--- Excerpted records Enclosed Below ---

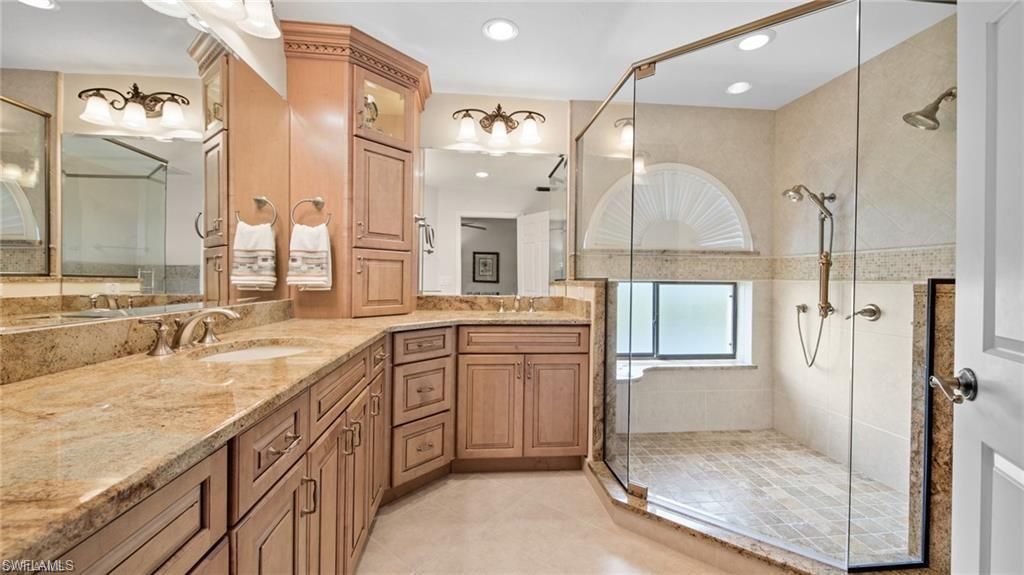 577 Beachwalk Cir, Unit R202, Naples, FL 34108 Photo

--- End of Enclosed Excerpted records ---
--- Excerpted records Enclosed Below ---

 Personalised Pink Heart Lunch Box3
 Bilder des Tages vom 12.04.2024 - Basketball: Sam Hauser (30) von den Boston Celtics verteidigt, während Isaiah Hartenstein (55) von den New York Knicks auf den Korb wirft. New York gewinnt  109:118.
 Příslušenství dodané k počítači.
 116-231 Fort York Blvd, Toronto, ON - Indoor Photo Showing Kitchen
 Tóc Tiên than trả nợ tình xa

--- End of Enclosed Excerpted records ---
--- Excerpted records Enclosed Below ---

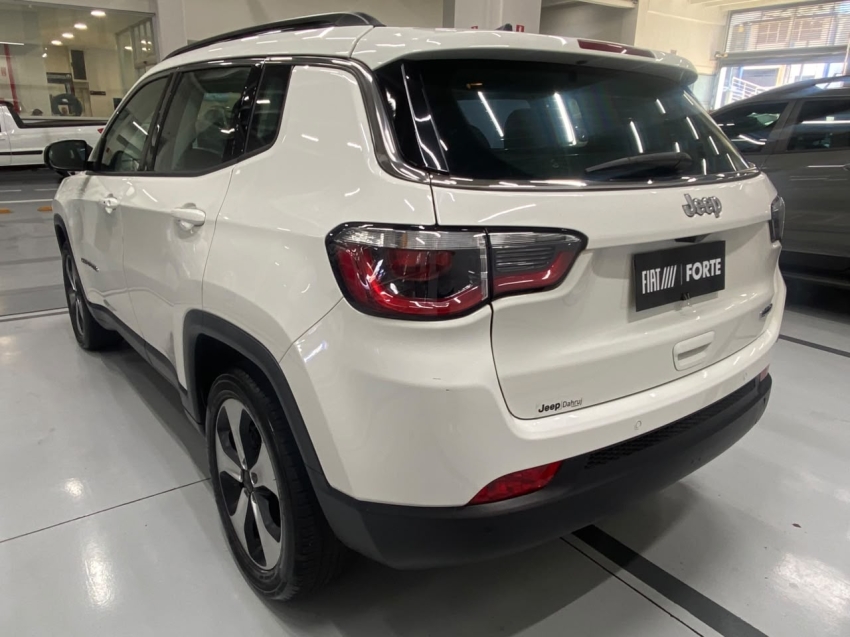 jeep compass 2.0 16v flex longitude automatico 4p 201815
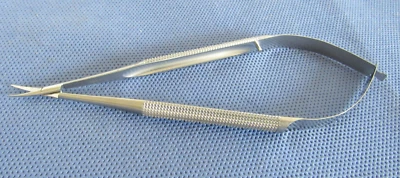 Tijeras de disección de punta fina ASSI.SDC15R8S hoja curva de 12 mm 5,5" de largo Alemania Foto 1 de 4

--- End of Enclosed Excerpted records ---

* Task requirements
Please output exactly the lines between the one holding "Bilder des Tages" and the one holding "Tóc Tiên than trả nợ tình xa" in the records above, inclusive, and nothing more.

* Solution
 Bilder des Tages vom 12.04.2024 - Basketball: Sam Hauser (30) von den Boston Celtics verteidigt, während Isaiah Hartenstein (55) von den New York Knicks auf den Korb wirft. New York gewinnt  109:118.
 Příslušenství dodané k počítači.
 116-231 Fort York Blvd, Toronto, ON - Indoor Photo Showing Kitchen
 Tóc Tiên than trả nợ tình xa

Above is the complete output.